Four months later, appellants moved to dissolve or modify the injunction, and the trial court entered an order which modified, but did not dissolve, the injunction. Appellants did not appeal this decision.
Seven months later, appellants filed a second motion to dissolve or modify the injunction, and the trial court entered an order which again modified the preliminary injunction. This order provided that 25% of the fees would remain subject to joint control and that the remaining 75% of the fees would be divided among the parties, with 18.75% to appellants and 56.25% to appellee. No appeal was taken from this modification order.
Two months later, appellants filed a third motion to dissolve or modify the preliminary injunction. The trial court denied the motion, and this appeal timely followed.
The trial court properly denied appellants' third motion to dissolve or modify the preliminary injunction because all of the matters which appellants raise in their motion either were raised or could have been raised (1) in the contested hearing regarding the request for imposition of the initial preliminary injunction; (2) in the hearings regarding appellants' prior motions to modify or dissolve the injunction; and (3) in a direct appeal from any of these orders. Specifically, the matters which appellants raise in their third motion involve issues of immediate and irreparable injury, adequacy of any remedy at law, and the substantial likelihood of success on the merits which, in turn, involve questions regarding the validity and enforceability of the provisions of the parties' contract. See Darden v. Police & Fire Civil Service Board, 423 So. 2d 543 (Fla. 4th DCA 1982). See also Shadow Lakes Woods, Inc. v. Schneider, 414 So. 2d 3 (Fla. 5th DCA 1982). Compare Orlando Orange Groves Co. v. Hale, 107 Fla. 304, 144 So. 674 (1932), Employee Benefit Plans, Inc. v. Radice Corporate Center I, Inc., 593 So. 2d 1125 (Fla. 4th DCA 1992), and Pinellas County v. Seminole *1090 Lake Country Club Estates Homeowners Ass'n, 555 So. 2d 883 (Fla. 2d DCA 1989),[2] each of which allowed a defendant to challenge, in a motion to dissolve a preliminary injunction and on appeal from the denial of the motion, the sufficiency of the pleadings to justify the injunction. In these cases, the preliminary injunction apparently was obtained ex parte or without notice, and the defendant's first opportunity to raise such matters was in the motion to dissolve the injunction.

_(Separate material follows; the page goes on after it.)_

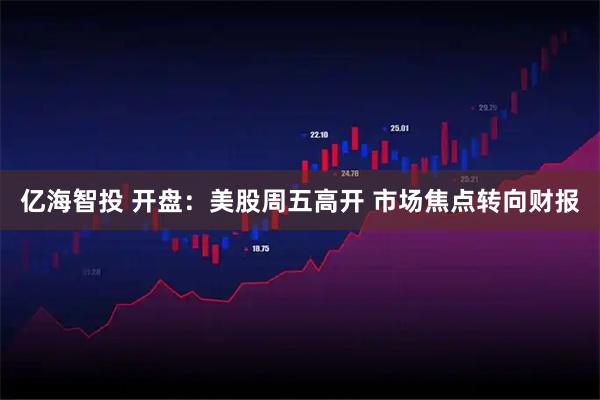 亿海智投 开盘：美股周五高开 市场焦点转向财报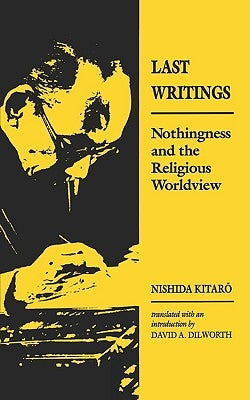 Nishida: Last Writing Paper Paperback University of Hawaii Press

Accordingly, we affirm the trial court's order without prejudice to the parties to raise, at a final hearing on the merits, any appropriate matter encompassed within the pleadings.
AFFIRMED.
HARRIS, C.J. and GOSHORN, J., concur.
NOTES
[1] Appellate review of this order is authorized by rule 9.130(a)(3)(B) of the Florida Rules of Appellate Procedure.
[2] Appellants' reliance on Coastal Unilube, Inc. v. Smith, 598 So. 2d 200 (Fla. 4th DCA 1992), is misplaced because that case involved an appeal from an order dissolving a preliminary injunction and the appellate court, in reversing the trial court's order, considered the evidence received at the original hearing as well as the additional or new testimony presented at the dissolution hearing.